As momentum fades and sellers regain control, SOL now faces the risk of an extended corrective phase unless buyers can quickly reclaim lost levels.
Short-term indicators already reflect this weakness, reinforcing the view that the bounce was corrective rather than the beginning of a broader trend reversal. So, what’s next for Solana’s price?
Momentum indicators continue to confirm that SOL remains trapped in a short-term downtrend.
On the 4-hour chart, the Chaikin Money Flow (CMF) remains negative at -0.09, signaling persistent capital outflows and weakening buyer conviction.
As a result, recent rebounds continue to show limited accumulation support.
At the same time, Bull Bear Power (BBP) strengthens the bearish case and reinforces the current structure. The BBP indicator remains deeply negative at -13.20, while expanding red histogram bars point to increasing sell-side pressure.
This represents the strongest bearish impulse since early January. It also confirms that sellers remain firmly in control of near-term price action.
Meanwhile, SOL’s price has broken below its short-term demand zone near $135 and now trades beneath its prior breakout base.
This failed recovery setup increases the likelihood of a continuation move toward the $125 support level. Notably, this marks the next major demand area from the December consolidation range.

Should Solana’s price break below $125, downside risk would extend toward the lower liquidity pocket around $118 to $120, where buyers previously showed aggressive interest.
Looking at derivatives data, market conditions add further weight to the bearish outlook. For instance, open interest (OI) has dropped to 8%, reflecting a notable reduction in leveraged positions across the market.

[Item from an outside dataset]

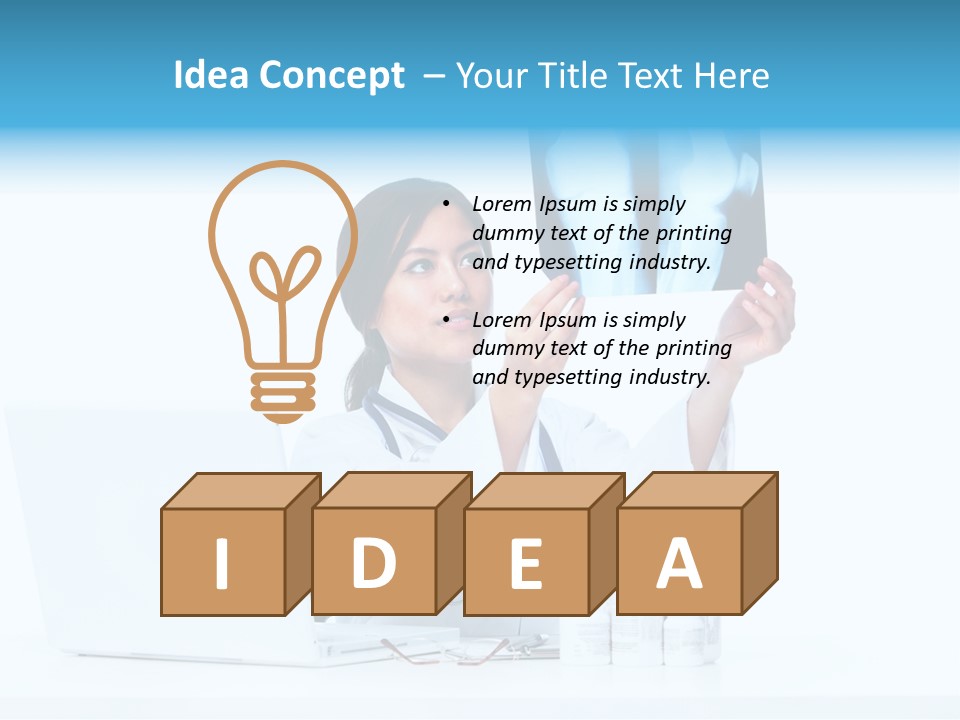 Pharmaceutical Background Illness PowerPoint Template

At the same time, over $1.3 million in short liquidations occurred within the past 24 hours, highlighting rising volatility as traders were forced out of bearish positions during sharp intraday swings.
On the institutional side, sentiment is shifting as well. Solana’s exchange-traded funds (ETFs) recorded a $15.46 million spot net outflow over the last 24 hours, marking the first net outflow in six weeks.

This move suggests that some large investors are trimming exposure or adopting a more cautious stance amid growing market uncertainty.
On the daily chart, SOL has reversed its bullish setup. As of this writing, the altcoin has slipped back below its support range after failing to hold above a key resistance zone.
The Awesome Oscillator (AO), which recently printed green histogram bars, has flipped red while remaining in positive territory.
This position signals early weakness in bullish momentum and a potential shift in short-term market control.
This change is further echoed by the Money Flow Index (MFI). After pushing into overbought territory, the MFI has turned lower and now trades around 67.46, pointing to easing capital inflows and fading buying pressure.
While the reading does not yet reflect extreme weakness, the rollover reinforces the broader momentum slowdown visible across the daily timeframe.
Fibonacci retracement levels offer clearer insight into Solana’s price action. After failing to break above its key resistance, SOL trades near $133.67, holding within the $130 to $133 range.
A sustained pullback would likely pressure SOL’s price toward $125 before a potential retest of the zero Fibonacci level at $117.13.

In a bullish scenario, Solana’s price would need to break past its resistance zone at $149.45. To validate this, substantial buying volume has to accompany the altcoin.